▸ TASK
Exclude the pictures and reproduce exactly the lines that run from the one holding "Now we come" to the end of the entries below.

(Excerpts from a dataset)

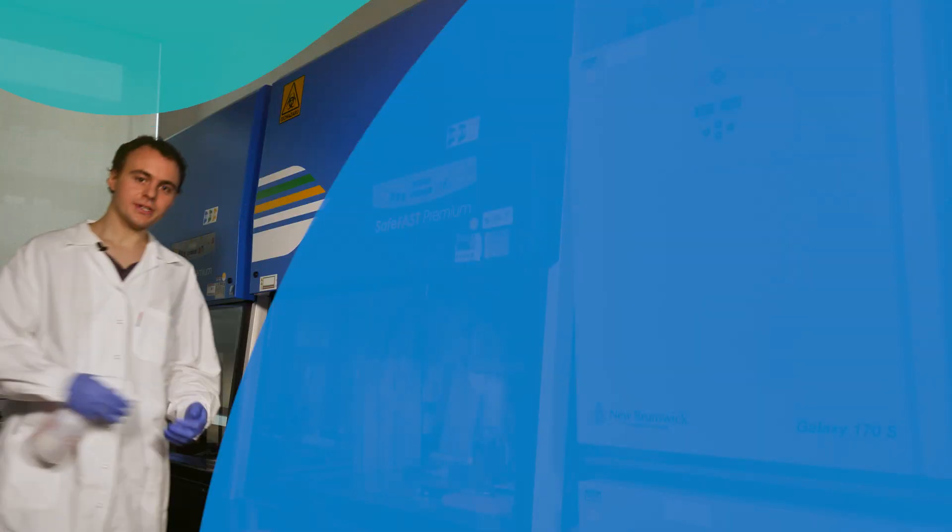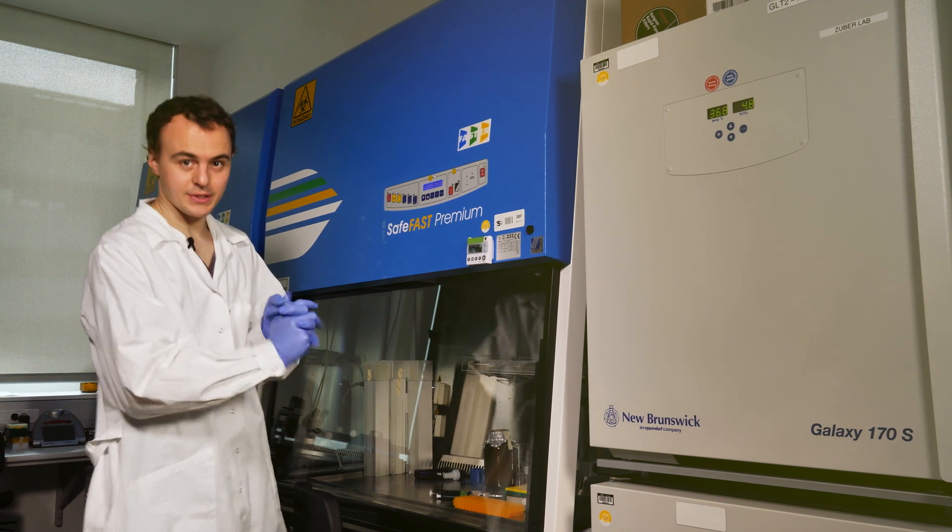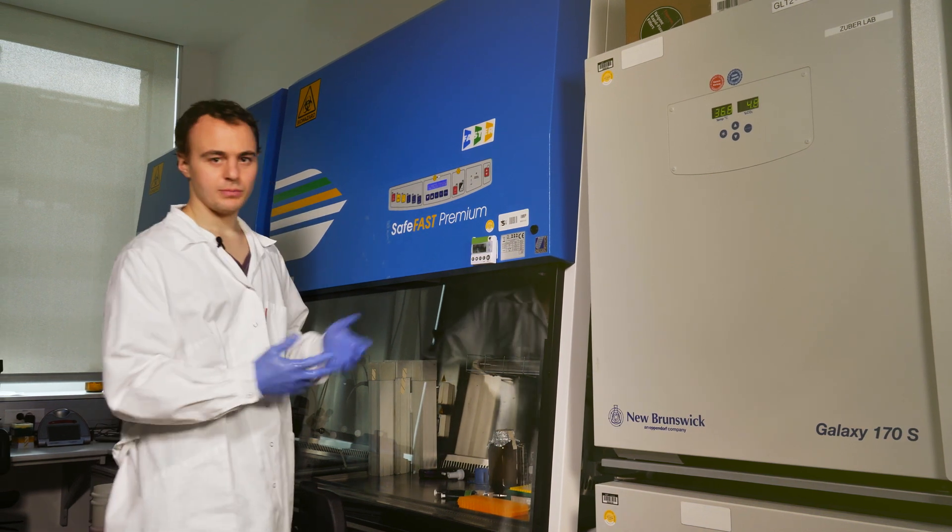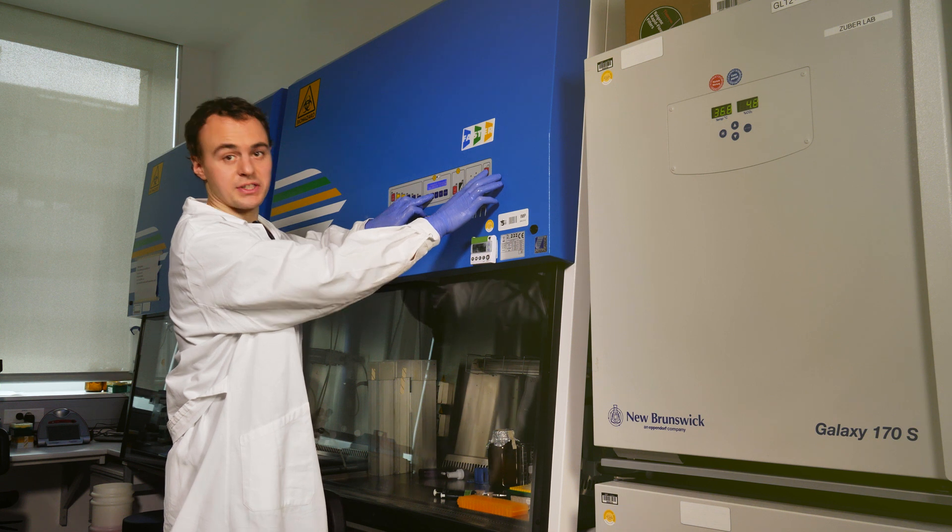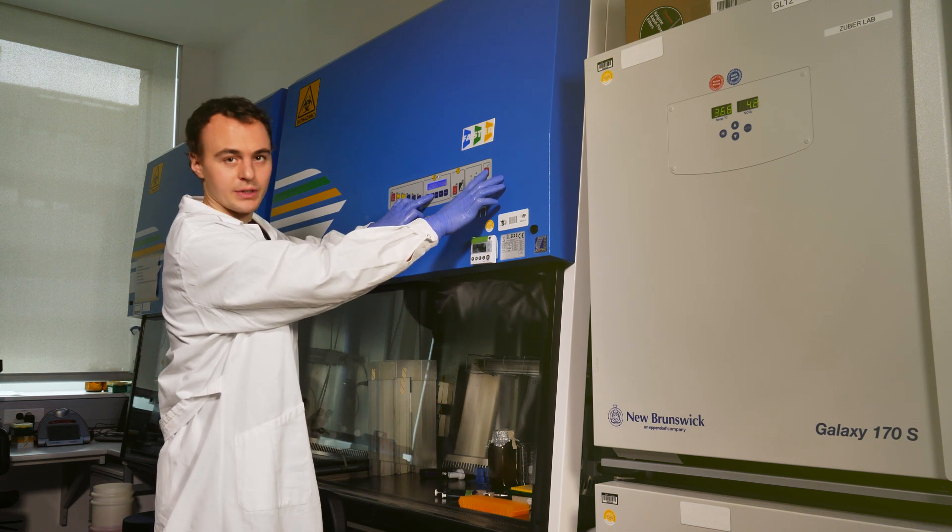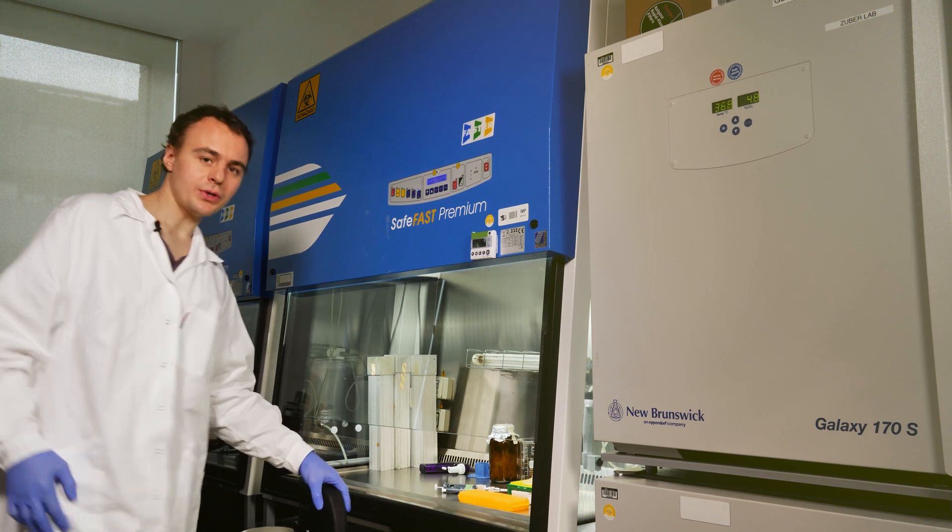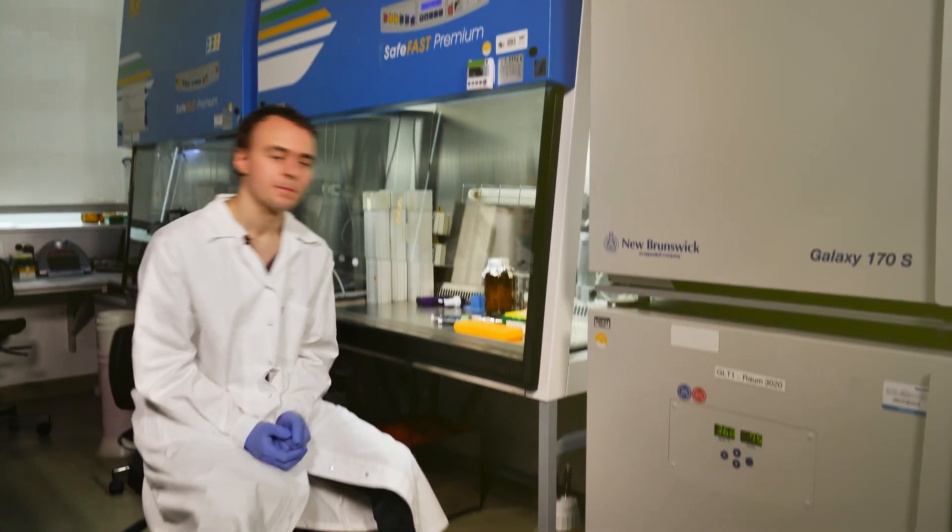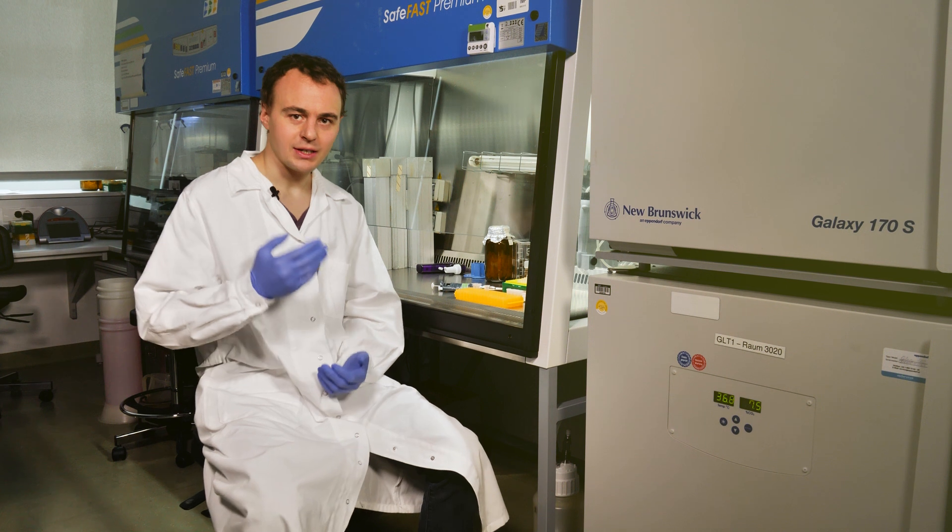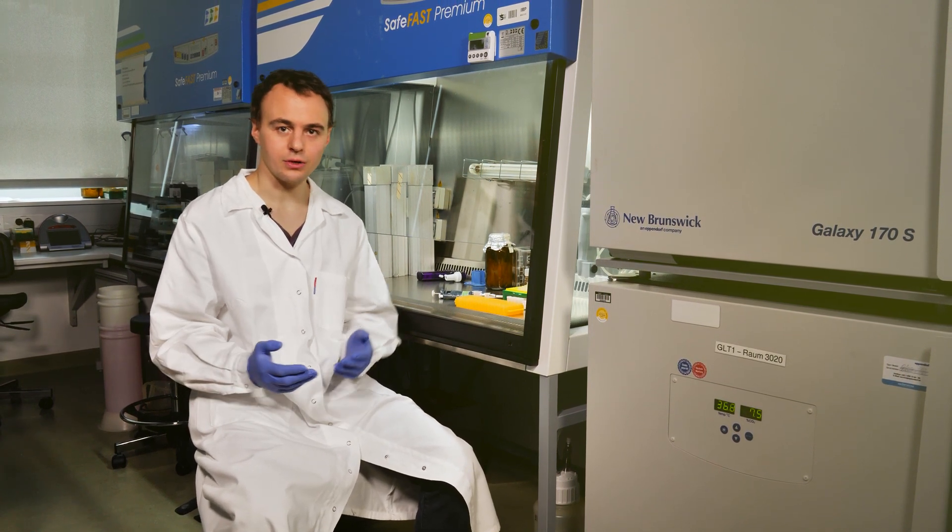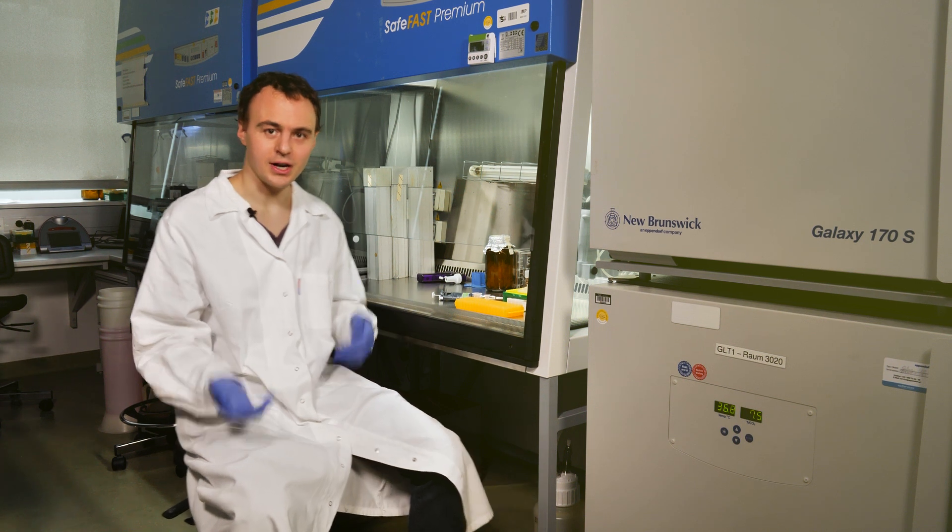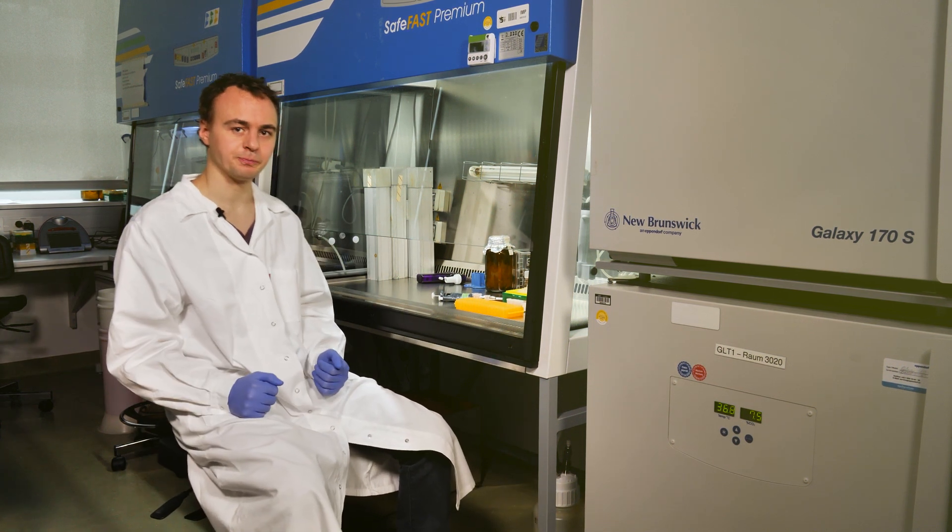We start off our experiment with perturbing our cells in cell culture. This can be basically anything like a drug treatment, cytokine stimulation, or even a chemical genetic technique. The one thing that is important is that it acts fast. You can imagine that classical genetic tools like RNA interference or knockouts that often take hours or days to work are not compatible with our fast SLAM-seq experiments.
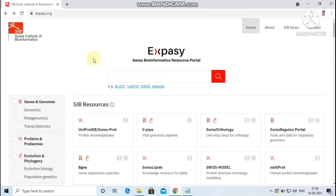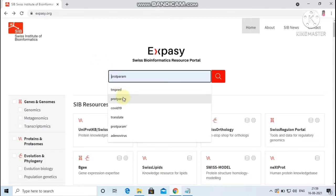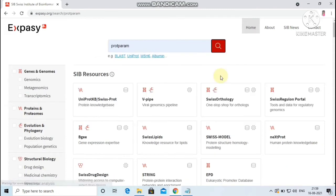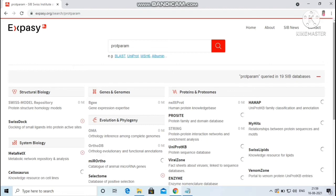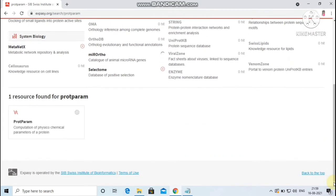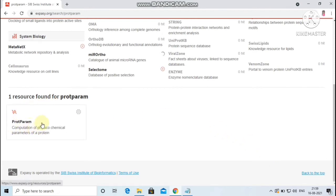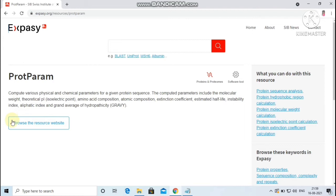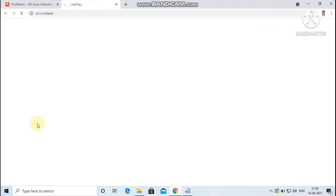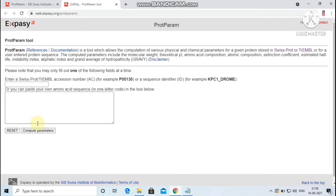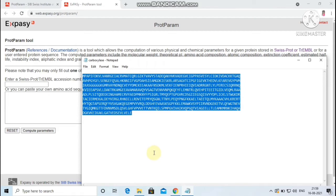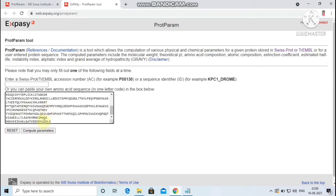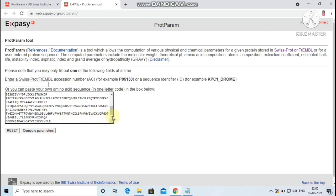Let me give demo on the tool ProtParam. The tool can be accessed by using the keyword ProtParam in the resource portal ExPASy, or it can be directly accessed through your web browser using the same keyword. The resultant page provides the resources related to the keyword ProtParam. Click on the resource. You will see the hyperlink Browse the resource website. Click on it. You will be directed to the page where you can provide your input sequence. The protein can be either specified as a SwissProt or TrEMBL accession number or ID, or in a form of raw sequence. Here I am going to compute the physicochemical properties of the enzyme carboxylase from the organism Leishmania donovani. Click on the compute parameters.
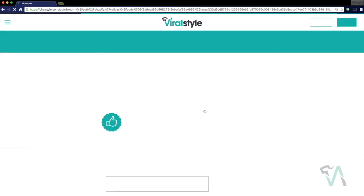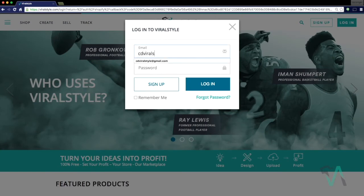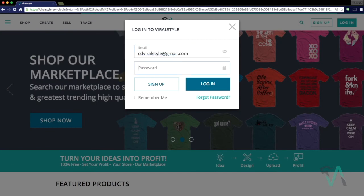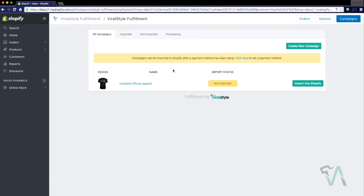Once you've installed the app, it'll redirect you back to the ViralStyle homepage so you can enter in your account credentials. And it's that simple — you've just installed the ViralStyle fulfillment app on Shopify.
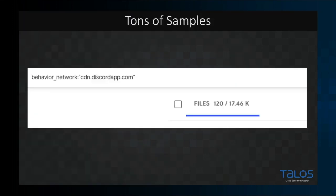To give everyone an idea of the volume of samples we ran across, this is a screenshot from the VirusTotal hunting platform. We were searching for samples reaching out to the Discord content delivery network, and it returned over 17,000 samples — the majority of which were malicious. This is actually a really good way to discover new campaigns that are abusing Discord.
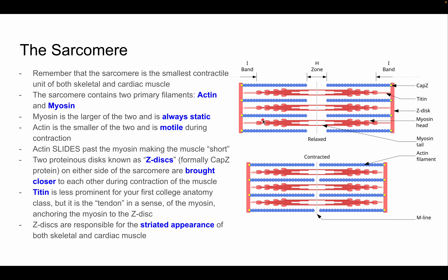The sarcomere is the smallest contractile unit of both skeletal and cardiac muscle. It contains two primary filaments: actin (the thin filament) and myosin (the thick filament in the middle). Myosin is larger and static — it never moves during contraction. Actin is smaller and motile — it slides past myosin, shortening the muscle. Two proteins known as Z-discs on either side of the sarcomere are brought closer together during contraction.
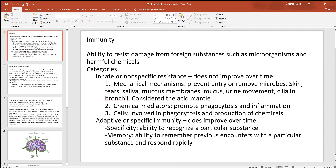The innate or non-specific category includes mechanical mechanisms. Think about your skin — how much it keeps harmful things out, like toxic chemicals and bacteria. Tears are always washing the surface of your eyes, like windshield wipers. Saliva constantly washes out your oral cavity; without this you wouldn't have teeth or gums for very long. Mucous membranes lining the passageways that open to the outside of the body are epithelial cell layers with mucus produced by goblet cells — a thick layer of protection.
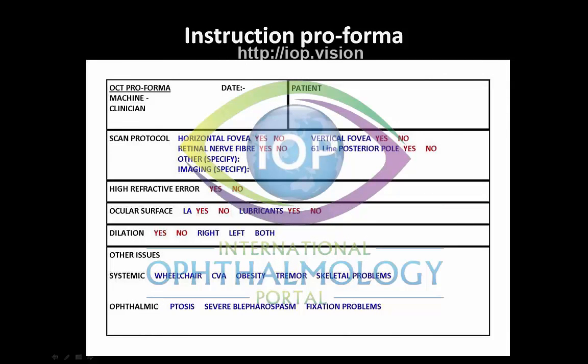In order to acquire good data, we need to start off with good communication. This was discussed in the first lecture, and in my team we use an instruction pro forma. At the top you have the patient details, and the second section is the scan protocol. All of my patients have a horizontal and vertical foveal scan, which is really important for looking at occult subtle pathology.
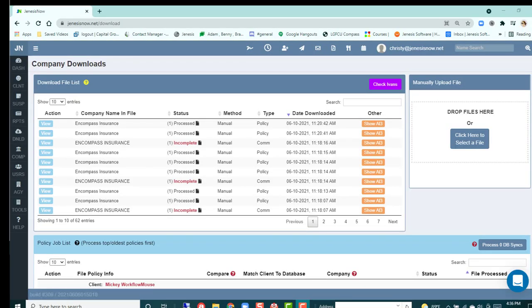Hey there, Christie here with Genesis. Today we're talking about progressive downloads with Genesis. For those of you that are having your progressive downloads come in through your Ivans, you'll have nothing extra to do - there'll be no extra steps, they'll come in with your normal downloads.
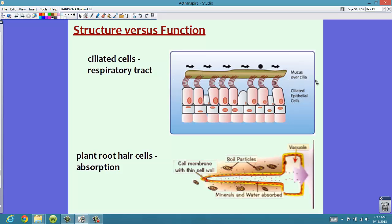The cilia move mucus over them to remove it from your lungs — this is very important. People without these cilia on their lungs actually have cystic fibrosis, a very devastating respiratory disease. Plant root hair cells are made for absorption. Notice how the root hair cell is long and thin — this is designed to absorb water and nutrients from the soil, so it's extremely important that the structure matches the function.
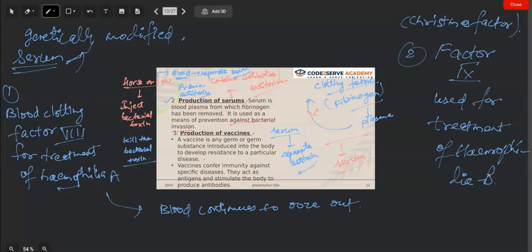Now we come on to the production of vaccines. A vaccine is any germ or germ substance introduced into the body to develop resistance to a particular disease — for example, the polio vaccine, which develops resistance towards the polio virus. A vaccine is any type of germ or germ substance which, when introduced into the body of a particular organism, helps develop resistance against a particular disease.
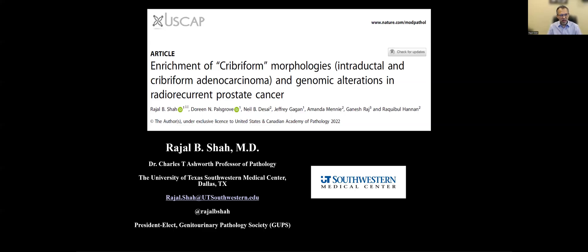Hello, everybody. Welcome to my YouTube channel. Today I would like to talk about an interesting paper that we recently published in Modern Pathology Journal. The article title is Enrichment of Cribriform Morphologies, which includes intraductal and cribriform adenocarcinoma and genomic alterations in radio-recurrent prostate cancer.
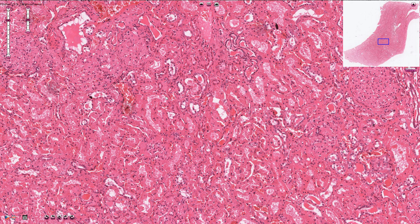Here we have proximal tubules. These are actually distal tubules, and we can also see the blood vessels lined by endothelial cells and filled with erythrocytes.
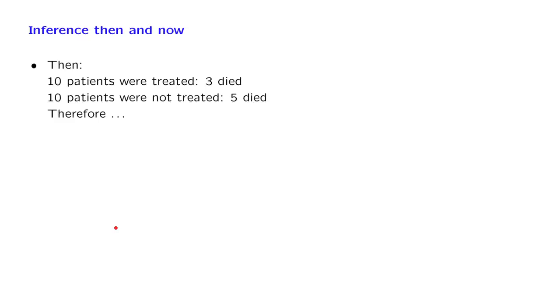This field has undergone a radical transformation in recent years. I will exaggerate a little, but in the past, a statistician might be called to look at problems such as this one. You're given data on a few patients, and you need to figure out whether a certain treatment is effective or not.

▸ RESPONSE TO THE TASK
Now we come on to the production of vaccines. A vaccine is any germ or germ substance introduced into the body to develop resistance to a particular disease — for example, the polio vaccine, which develops resistance towards the polio virus. A vaccine is any type of germ or germ substance which, when introduced into the body of a particular organism, helps develop resistance against a particular disease.
Hello, everybody. Welcome to my YouTube channel. Today I would like to talk about an interesting paper that we recently published in Modern Pathology Journal. The article title is Enrichment of Cribriform Morphologies, which includes intraductal and cribriform adenocarcinoma and genomic alterations in radio-recurrent prostate cancer.
Here we have proximal tubules. These are actually distal tubules, and we can also see the blood vessels lined by endothelial cells and filled with erythrocytes.
This field has undergone a radical transformation in recent years. I will exaggerate a little, but in the past, a statistician might be called to look at problems such as this one. You're given data on a few patients, and you need to figure out whether a certain treatment is effective or not.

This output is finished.